También analiza el desmembramiento territorial de la URSS, la aparición de nuevos Estados a partir de las extintas repúblicas soviéticas, con atención a las causas y desarrollo de los conflictos de raíz nacionalista en el seno de la Unión, por lo tanto, al papel de Rusia, las repúblicas bálticas, las repúblicas de Asia Central y los otros dos influyentes y gigantes territoriales, Ucrania y Bielorusia. El capítulo siete lleva por título “Proyecto Rusia” (1991-1999), para tratar el fin de la URSS y la creación de la Confederación de Estados Independientes (CEI), bajo la batuta de Yeltsin, y las cuestiones de política interior y exterior y de seguridad correspondientes, entre estas la crisis de Chechenia. Los dos últimos capítulos, el 8 y 9, estudian la Rusia de Putin. En estas páginas se analizan el personaje político que es Vladímir Putin, las reformas introducidas bajo su mandato como primer ministro y presidente, económicas, administrativas, las directrices de política internacional, la situación de los derechos humanos, las cuestiones de geopolítica interna y externa de Rusia, en concreto “Gas, petróleo y geopolítica”, “Crimea y Ucrania” y “El mar Caspio”, y, obviamente, los mecanismos y formas para perpetuarse en el poder, para terminar con una reflexión sobre el cuarto mandato de Putin y la posible evolución de la situación en la Federación Rusa.

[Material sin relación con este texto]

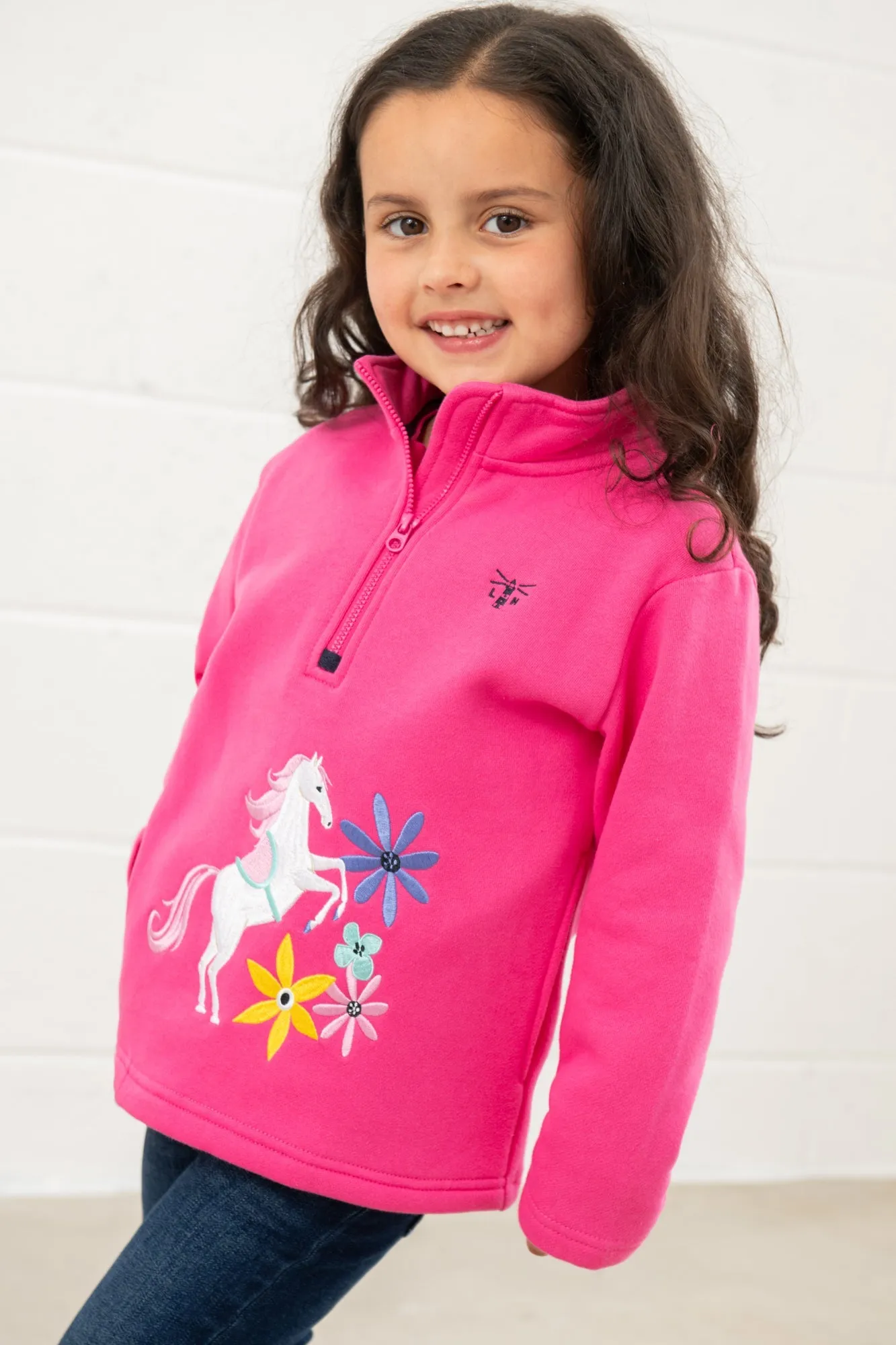 Robyn Sweatshirt - Pink Horse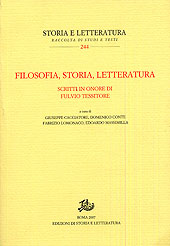 E-book, Filosofia, storia, letteratura : scritti in onore di Fulvio Tessitore, Edizioni di storia e letteratura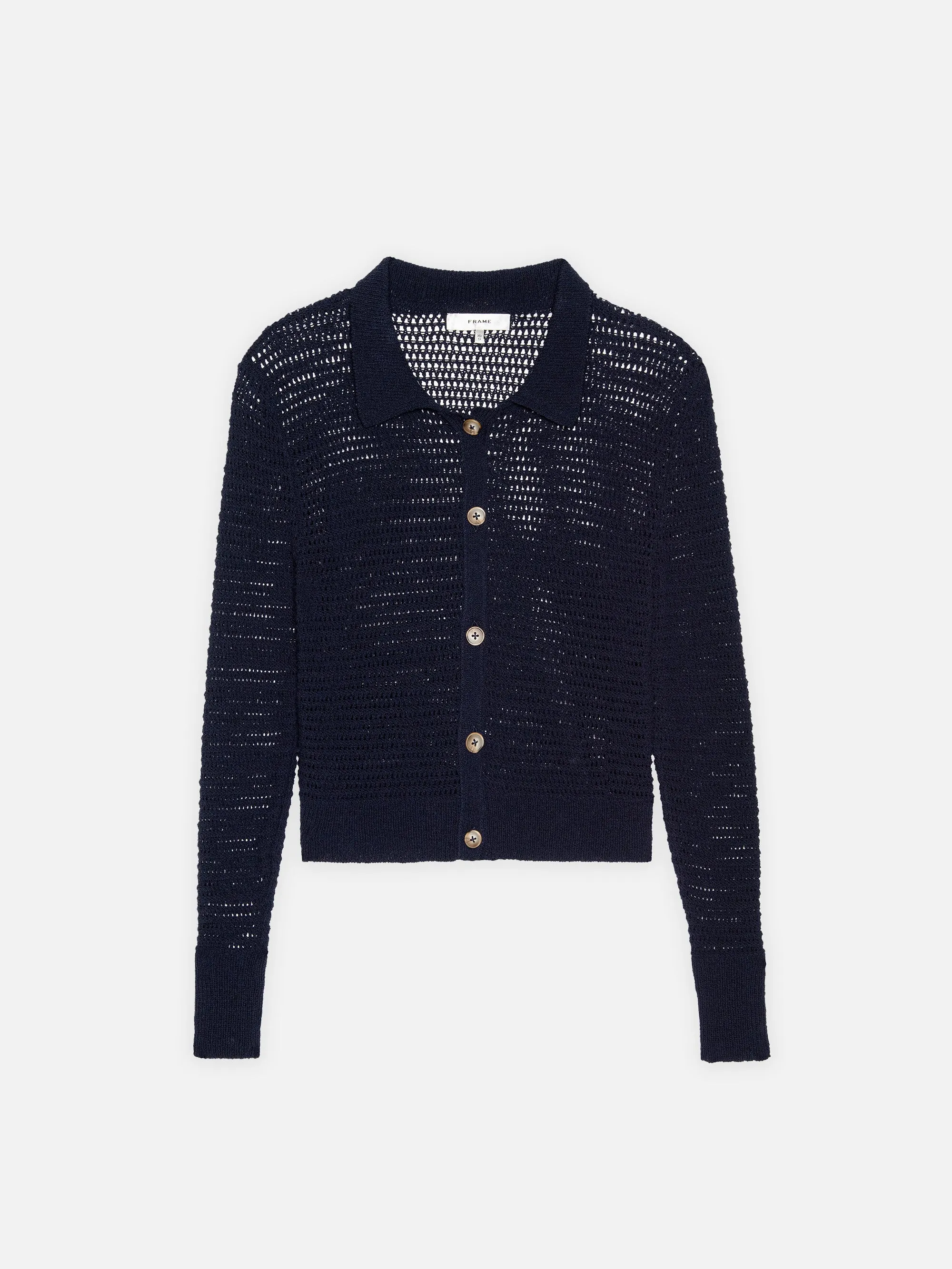 The Shrunken Cardi -- Navy sold by Frame Denim
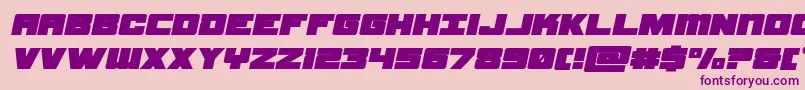 samuraiterrapinexpandital Font – Purple Fonts on Pink Background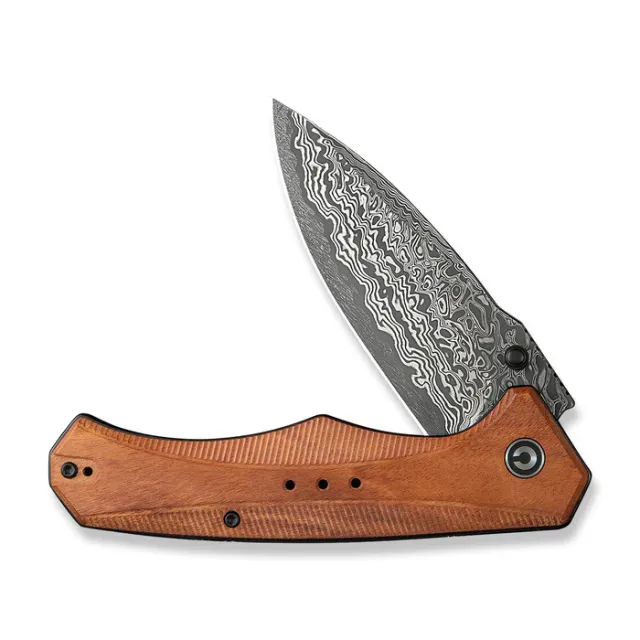 CIVIVI Photonix 3.7 In Damascus Blade Guibourtia Wood Flipper - CIVIVI Knives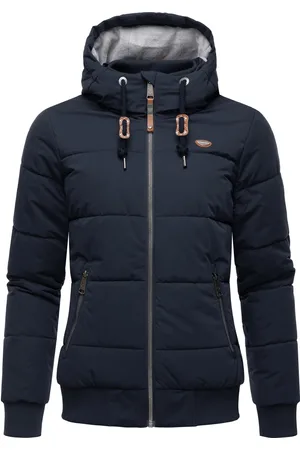 Ragwear Steppjacke »Winterjacke Nuggys Solid«, mit Kapuze, stylische und taillierte Winterjacke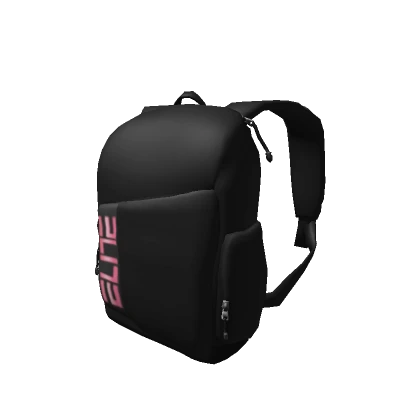 [3.0] ELITE BLACK AND PINK ATHLETIC BACKPACK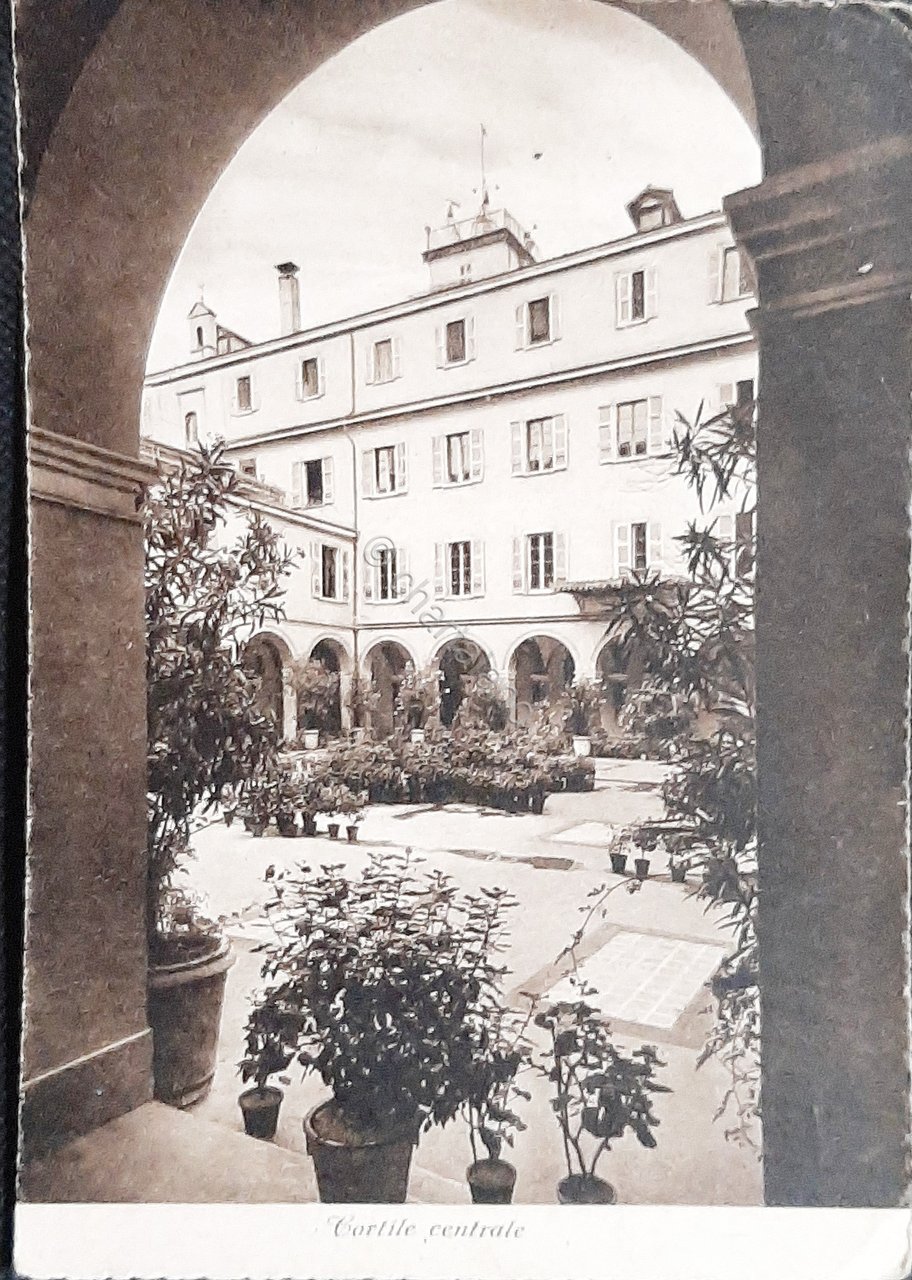 Cartolina Collegio Mellerio Rosmini - Cortile Centrale - Domodossola - …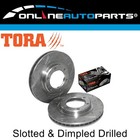 <!--F#f_0-->Drilled Slotted Front Disc Rotors + Brake Pads for L/Cruiser 9/92-98 80 Series<!--F/-->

La obra se completa con una selección de textos, la mayoría correspondientes a la historia más reciente de Rusia y una Cronología que abarca la Rusia de los zares, la Revolución soviética, la URSS y la Federación Rusa. Es un libro de divulgación, escrito de forma amena, de divulgación académica, es decir, dotado de rigor histórico, y por ello forma parte de la colección Temas de Historia Contemporánea de la editorial Síntesis que coordina la Dra. Pilar Toboso Sánchez.

En la actualidad, Rusia es objeto de atención, más que por los historiadores, de los expertos en relaciones internacionales, en seguridad y defensa del denominado mundo occidental, y, asimismo, de los investigadores chinos. El libro de Núñez de Prado atiende a todas estas cuestiones desde la perspectiva de un historiador consciente de la necesidad de establecer los antecedentes de los temas que va a tratar en profundidad. No obstante, consciente de que los estudiantes de las asignaturas de Historia y los aficionados a la historia actual están muy interesados en los acontecimientos recientes en Rusia, y, en general, en el este de Europa, dedica buena parte de estas páginas a desmenuzar las últimas etapas de la historia de la URSS-Rusia-Federación Rusa, marcada por la personalidad de sus líderes políticos, circunstancia que caracteriza también a Estados Unidos y a otros países, sobre todo a los regímenes autoritarios. Esta obra nos cuenta que, tras la muerte de Bréznev en 1982, fue Andropov el impulsor de la renovación de la cúpula de mando y del funcionamiento interno de la URSS y, asimismo, de la candidatura de Mijaíl Gorbachov como secretario general del PCUS, cargo al que accedió el político reformista en marzo de 1985, tras la muerte de Chernenko.

 

 

Gorbachov encontró resistencias a su propósito de reforma económica y política del sistema, conservándolo, y no lo logró, pues este fue incapaz de regenerarse a sí mismo, a diferencia de lo acontecido en China, lo que fue aprovechado por los sectores rupturistas. No obstante, el legado de Gorbachov es enorme. En economía destacan la apertura del monopolio estatal del mercado laboral, la reducción del volumen y el valor de la dirección centralizada de empresas estatales, para dar paso a cierto grado de autogestión, y la ruptura del monopolio del Estado sobre el comercio exterior. Además, el líder soviético buscó la implicación de la sociedad en la Perestroika, a diferencia del Despotismo Ilustrado, y con este fin un paquete de medidas favoreció, parcialmente, la libertad individual y de decisión empresarial, lo que se conoce como Glásnost, transparencia, con el mensaje de que la sociedad precisaba una nueva mentalidad y, en consecuencia, la discusión y la crítica tenían cabida en el mundo comunista, y que no tendrían consecuencias negativas para quienes las ejercieran. Entre el conjunto de medidas adoptadas para hacer realidad ese mensaje destacan la Ley de Prensa, que puso fin al control del Partido sobre las publicaciones periódicas y el conjunto de la cultura, la apertura en cine, literatura y música, y lo mismo en el ámbito de la historiografía, con el resultado de la revisión de los textos escolares y la publicación por los historiadores de estudios menos o nada sujetos a los dictados de la política y la propaganda gubernamental.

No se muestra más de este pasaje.